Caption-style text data
____________
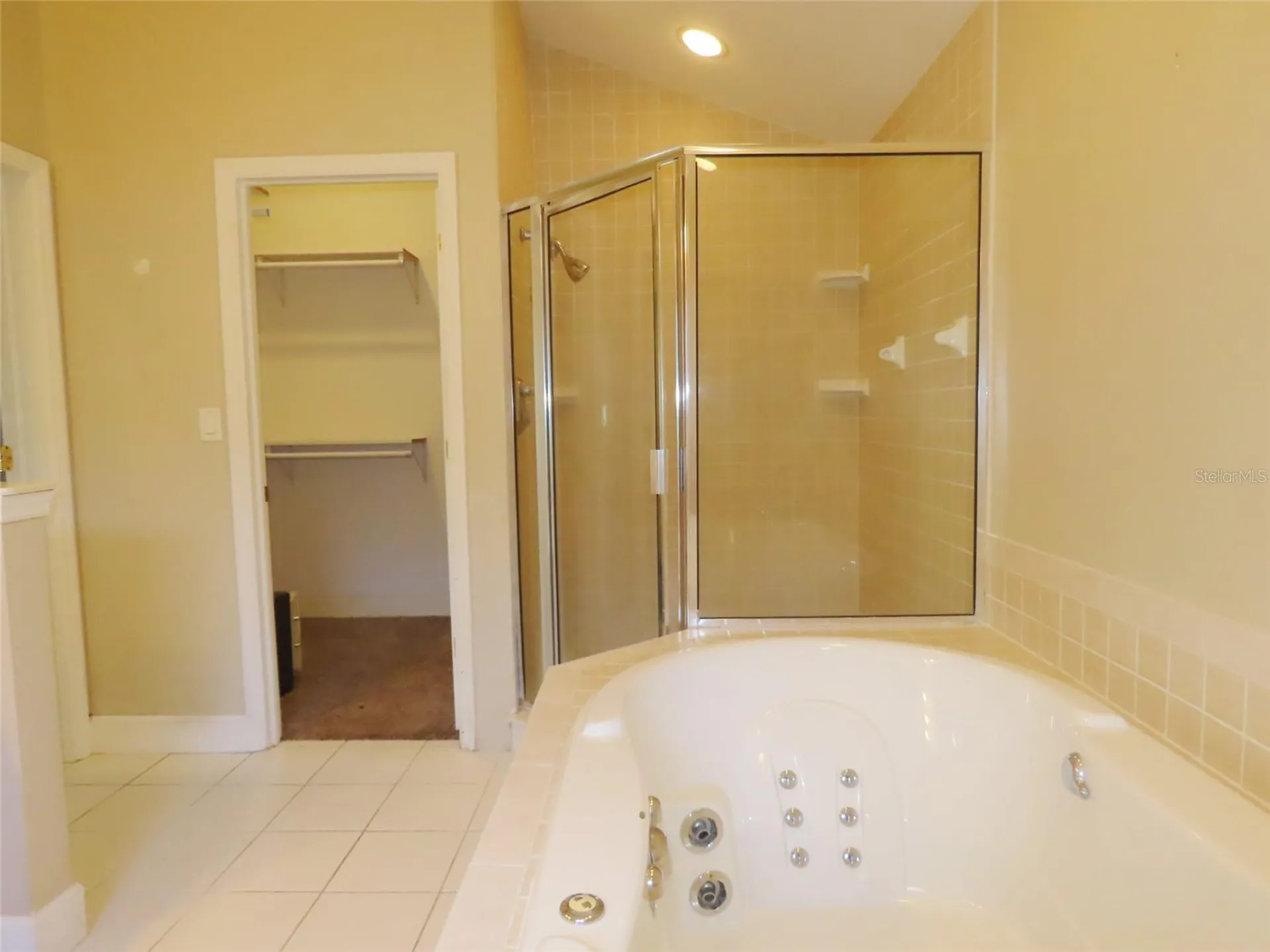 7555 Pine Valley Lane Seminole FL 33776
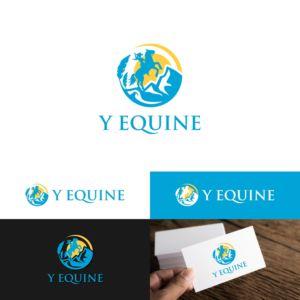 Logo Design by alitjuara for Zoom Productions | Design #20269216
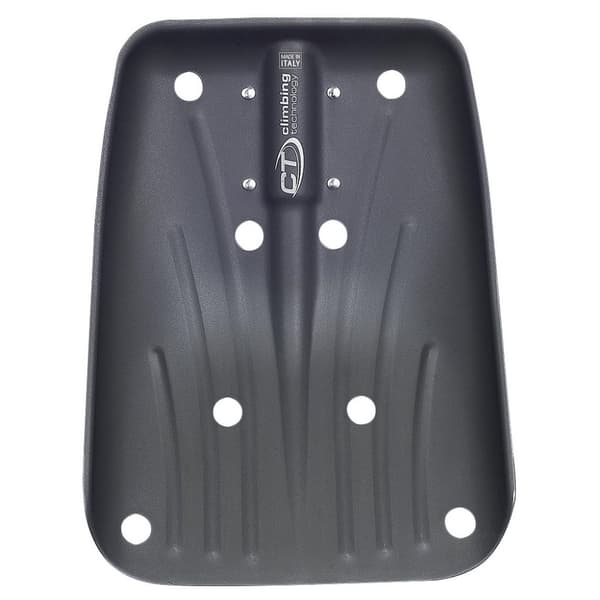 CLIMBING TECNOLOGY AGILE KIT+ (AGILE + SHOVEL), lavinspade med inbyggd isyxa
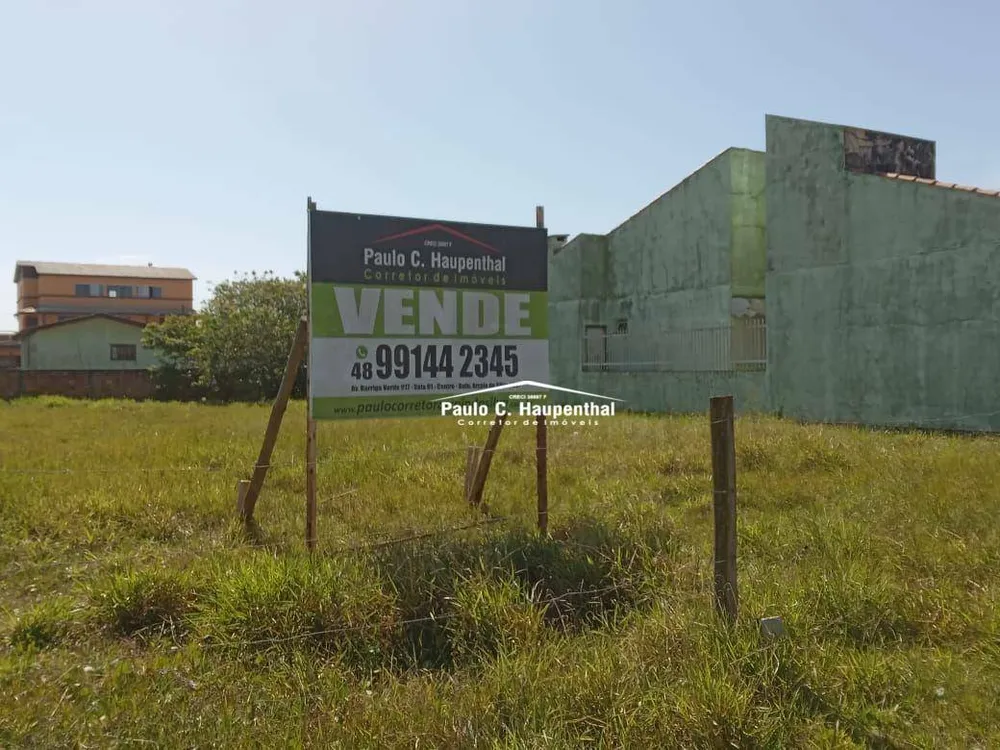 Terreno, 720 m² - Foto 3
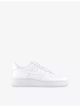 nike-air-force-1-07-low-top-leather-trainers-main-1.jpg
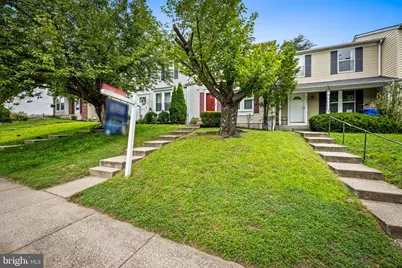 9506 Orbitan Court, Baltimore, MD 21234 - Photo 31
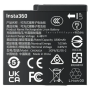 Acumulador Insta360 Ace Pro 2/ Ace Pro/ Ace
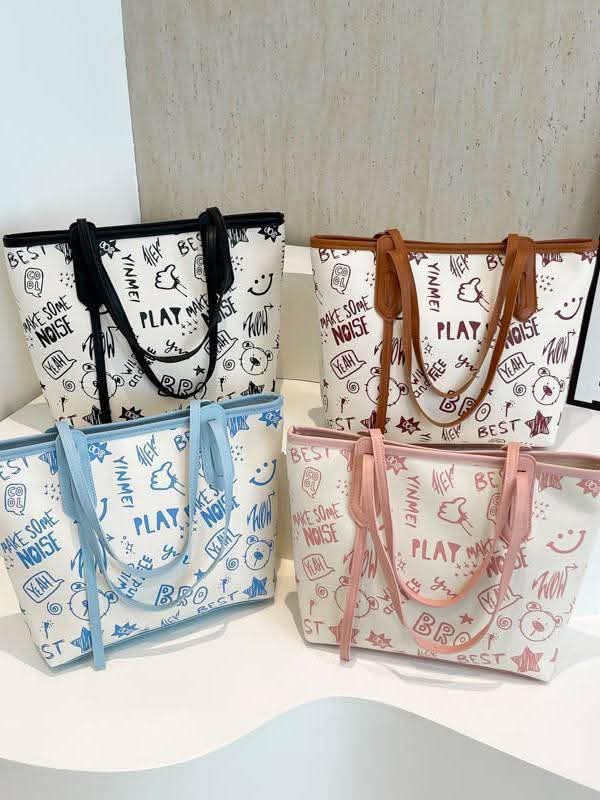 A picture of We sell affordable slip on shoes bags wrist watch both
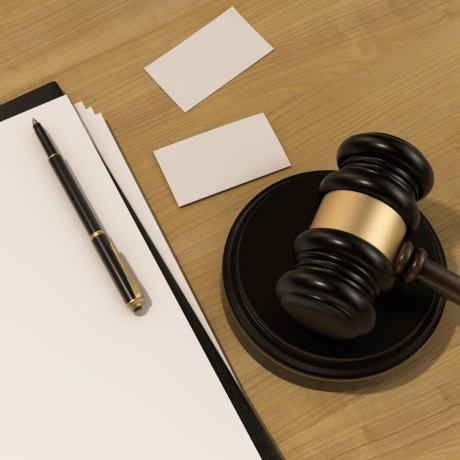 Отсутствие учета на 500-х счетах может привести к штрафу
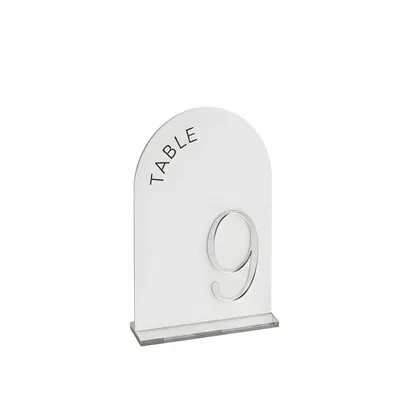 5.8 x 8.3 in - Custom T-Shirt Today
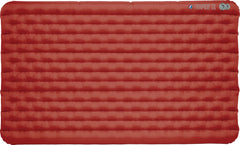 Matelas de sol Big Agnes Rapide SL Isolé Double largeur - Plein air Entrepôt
____________
• _TASK PROMPT_
Write out the records above exactly. Begin with the first line, end with the line holding "5.8 x 8.3 in - Custom T-Shirt Today", and drop the pictures.

• _EXERCISE RESULT_
 7555 Pine Valley Lane Seminole FL 33776
 Logo Design by alitjuara for Zoom Productions | Design #20269216
 CLIMBING TECNOLOGY AGILE KIT+ (AGILE + SHOVEL), lavinspade med inbyggd isyxa
 Terreno, 720 m² - Foto 3
 nike-air-force-1-07-low-top-leather-trainers-main-1.jpg
 9506 Orbitan Court, Baltimore, MD 21234 - Photo 31
 Acumulador Insta360 Ace Pro 2/ Ace Pro/ Ace
 A picture of We sell affordable slip on shoes bags wrist watch both
 Отсутствие учета на 500-х счетах может привести к штрафу
 5.8 x 8.3 in - Custom T-Shirt Today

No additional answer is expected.